The fact that genome-wide promoter methylation cluster status separated the survival time of patients with non-metastatic disease at diagnosis, made us focus on identifying the specific methylation profiles associated with progress. Initially, PCA was used to investigate whether patient groups with different outcome could be separated based on general promoter methylation patterns. This analysis showed overlapping and heterogeneous methylation patterns within the M0-PF, M0-P and M1 groups, in contrast to homogenous methylation patterns within the TF samples. Also, patients with similar outcome showed large inter-individual variations in methylation patterns. This cannot be explained by intra-individual tumor heterogeneity since multiple samples taken within the same tumor showed similar methylation profiles.
By recognizing the commonly DM-CpGs in the M0-P and M1 samples, we identified a Promoter Methylation Classifier (PMC) consisting of 172 CpGs associated with progress. Classification of non-metastatic patients in PMC high/low subgroups showed strong prognostic relevance for progress in our cohort as well as in the validation TCGA-KIRC cohort. Importantly, the PMC panel remained a significant prognostic marker for progression free survival in a Cox regression analysis including PMC status, TNM, morphological grade, age and gender.

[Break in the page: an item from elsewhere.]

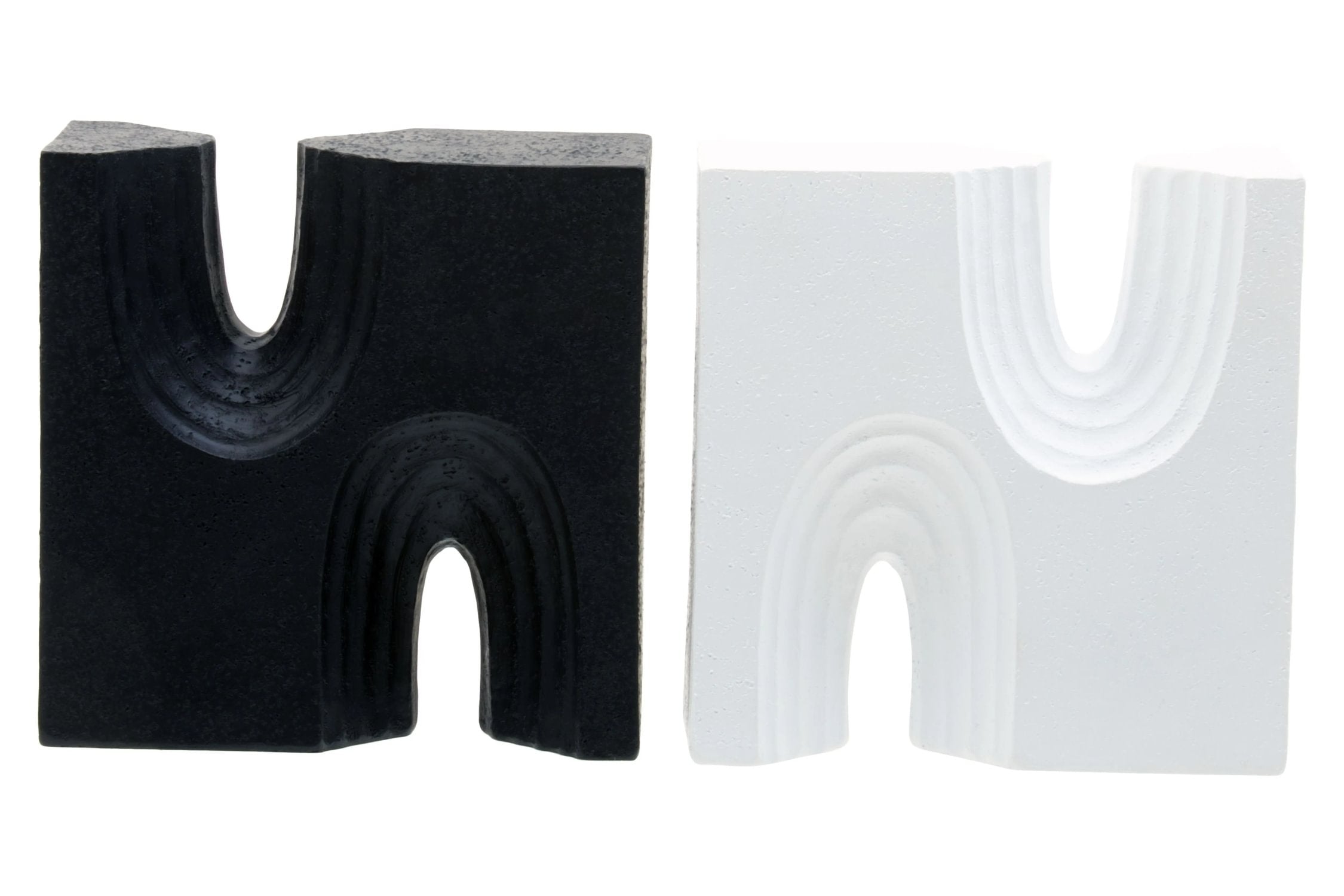 Set of 2 Forma Black & White Bookends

The genes in the PMC panel were associated with cellular processes including SMAD protein complex assembly and immune response. Genes of special interest previously associated with various types of cancer where the SMAD6 and SOCS3 genes coupled to aggressive kidney cancer [
54‐
56], and the MX2 gene with suggested role in melanoma pathogenesis [
57]. Interestingly these genes were differently methylated in the M0-P group, compared with TF and M0-PF samples and a significant difference in mRNA levels was observed for the SOCS3 and MX2 genes. These findings indicate a functional relevance of the methylation alterations in ccRCC pathogenesis but needs to be confirmed in larger samples cohorts.

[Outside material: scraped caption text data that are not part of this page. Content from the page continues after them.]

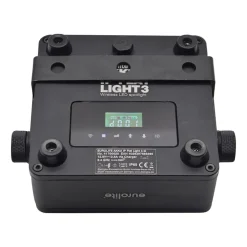 EUROLITE Batteri Flad Lampe 3 LED Spot 24W IP65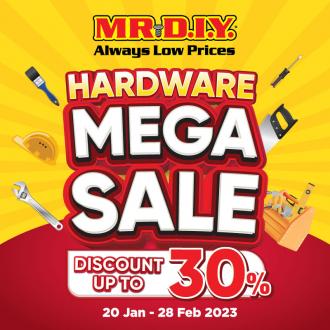 MR DIY Hardware Mega Sale Discount Up To 30% (20 January 2023 - 28 February 2023)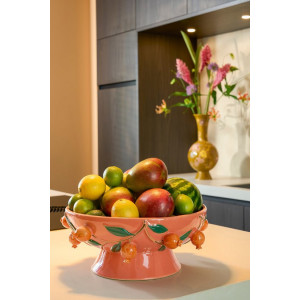Vaza - Melika decoration bowl pink - h16xd39cm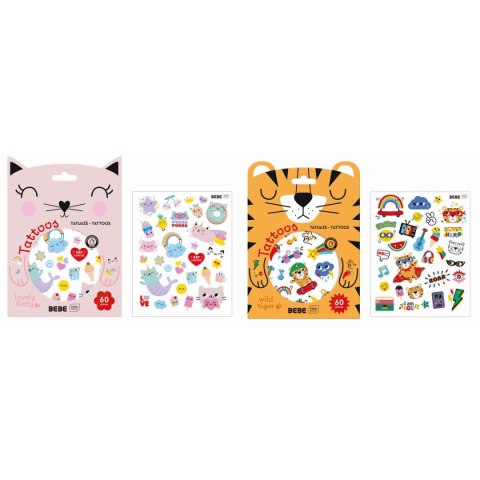 Tatuaż BEBE FRIENDS 50 szt Bebe Tatuaż BEBE FRIENDS 50 szt Bebe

In a systematic review by Joosten et al., 2017, a number of DNA methylation studies in ccRCC were summarized [
30] and the need for validation of identified prognostic markers was claimed. We could not confirm the prognostic relevance of the previously defined Wei risk score (based on five CpG sites) in our cohort. Instead, we could confirm the prognostic relevance of genome-wide promoter methylation cluster analysis (Cluster A/B, > 150 K CpGs), suggesting that larger panels are probably more robust. However, in contrast to genome-wide clustering, a defined set of CpGs (or genes) is likely more clinically suitable. In this study, we defined a PMC panel consisting of 172 CpGs, which was a strong prognostic marker for non-metastatic patients in both our cohort and in the validation cohort. Modern bioinformatics tools that combines DNA methylation classification with clinical prognostic markers is an important next step to implement epigenetic analysis in clinical practice.